3 populations, multiSFS or 3 jointSFS

brianjo...@gmail.com

unread,

Jul 23, 2014, 11:17:03 AM7/23/14

to fasts...@googlegroups.com

First of all, I love this program.
If you have more than 2 populations, there's an option to either use a multidimensional SFS or a series of joint SFS for each pairwise population comparison. Maybe I'm not understanding the likelihood calculations correctly, but what's the difference between using one or the other input format? In theory, there should be more information in the full multiSFS than in a set of pairwise SFS, and when I use the exact same populations and .tpl and .est files, but vary the input format (one 3D SFS or 3 pairwise SFS) I get different likelihood values for models I construct... and the likelihoods between the different models (different branching structures, same 3 populations) change such that the least likely model for the 3DSFS become the most likely one for the data if I use a set of 3 two-dimensional SFSs...
Thanks for any help!

Brian

brianjo...@gmail.com

unread,

Aug 4, 2014, 11:36:36 AM8/4/14

to fasts...@googlegroups.com

I figured out my problem.
I think It's misleading how the format of the 3DSFS is specified in the manual. It seems like you first cycle through variants in deme 0 (holding other demes constant, i.e. zero at first), then deme 1, then deme 2. I gathered this based on the different sample sizes in the example in the manual (page 39) and how you cycle through them. However, it's the exact opposite (first going through deme2, then deme 1, then deme 0), which I proved to myself by going into the example files that come with the program and marginalizing the 3DSFS's into 3 2DSFS's. Changing this also made all of my analyses go from making no sense to making complete sense.

Laurent Excoffier

unread,

Aug 18, 2014, 9:58:02 AM8/18/14

to fasts...@googlegroups.com

The difference in using one or the other format is in the computation of the likelihood, as explained in the PLOS Genetics paper and on p. 47 of the manual, where the likelihood for the multidimensinal SFS is computed according to equation (5) and that based on the pairwise comparisons is computed according to equation (7).
This explains why you obtain different likelihoods when using one model or the other.
I would use a multiSFS when I have up to 4 populations and use the composite pairwise likelihood when I have more populations. If you try both models, the multiSFS is generally more trustable. Note also that the pairwise likelihood cannot be used for comparing models with AIC, as the underlying theory does not apply to composite likelihoods.

Laurent Excoffier

unread,

Aug 18, 2014, 10:04:04 AM8/18/14

to fasts...@googlegroups.com

I do not clearly see how your second post relates with the previous one, but the format of the multiSFS follows that of dadi (somehow for compatibility purposes), and I agree that the reverse ordering of the poopulation labels can be misleading.
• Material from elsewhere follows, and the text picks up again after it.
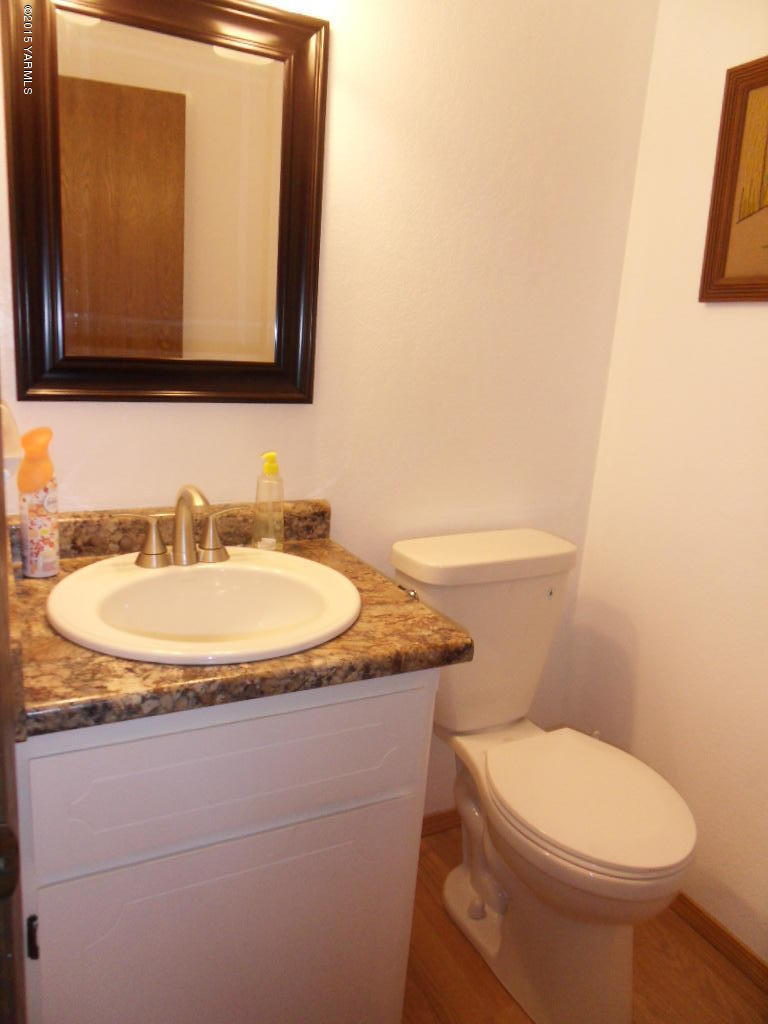 3501 Wiley Road Yakima, WA 98903 - Photo 19 of 31 a bathroom with a toilet sink and mirror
I'm glad that it now makes sense for you now :-)

Matt

unread,

Aug 5, 2016, 12:25:01 PM8/5/16

to fastsimcoal

Dear Dr. Excoffier and other users,

Given that we should not use the multiSFS for more than 4 populations, and since the pairwise SFS cannot be compared via AIC, how can we compare among models when more than 4 populations are involved?

Thanks so much!
Matt

Laurent Excoffier

unread,

Sep 22, 2016, 11:05:23 AM9/22/16

to fastsimcoal

Hi,

you could actually use multiSFS for more than 4 pops. 5 or 6 may be okay if you do not have too many individuals and enough SNPs... but if you have many pops, then the number of entries in your SFS will explode, and most of the SFS will be empty, causing problems...

With more populations, the other problem is that the number of parameters to estimate quickly grows, and becomes very large.